Archive for the ‘Work’ Category

It’s Only Tuesday?

Tuesday, February 13th, 2018

So, today was mostly a good day.  I have been informed that I get to go on a business trip here soon.  I am looking forward to it.  I don't think I have ever traveled for my current job.  I have been there almost 6 years.  I have been nose to the grind stone, non-stop since I started too, so having an opportunity to represent my company and my team is a huge feather in my cap.  Well, at least personally.  Not sure how the company feels about it as a whole.  I printed out my Gallup personality test reports for my personal development/Professional development coach.  Ok, well, I sent her the digital copies and I printed them out for myself; I'm a paper lover. 
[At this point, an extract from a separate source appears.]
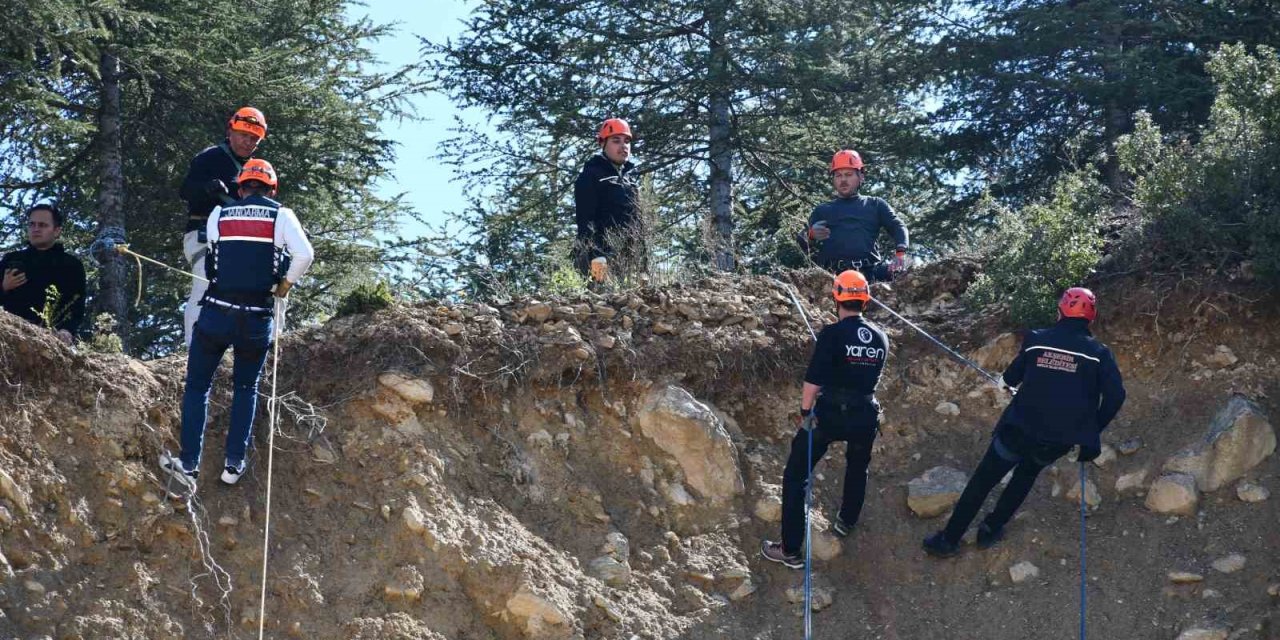 İplerle Hayata Tutundular: Akşehir Kayalıklarında Can Pazarı!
I left work early today, as my wife asked me to pick up my daughter this morning.  I actually got to see the sun.  Didn't know what to make of it.  I swear it has been ages since I've seen it.  I have to say it cheered me up… right up until the point where I got to get my groove on with rush-hour traffic.  I swear these fools in Omaha totally forget how to drive between the hours of 4PM and 6PM Monday through Friday.  The concept of merging is totally lost on these people and they refuse to let other people in. 

Rude, rude, rude.

I have to really push my desire to road rage down.  I want to teach some of these jokers a lesson… but.. as I have a serious allergic reaction to incarceration.  So, that’s one big fat not gunna happen.

 

Kick it’s ass man!

Tuesday, February 24th, 2015

So I have a confession to make…

I feel very combative today.  I would dare say that I feel downright belligerent.  I feel frustrated with the world, my job, my kids, the state of the union, and my career.  Wife and I are doing good.  As such, in writing this, I am also seeking God’s face in this because I want that walk to be solid. 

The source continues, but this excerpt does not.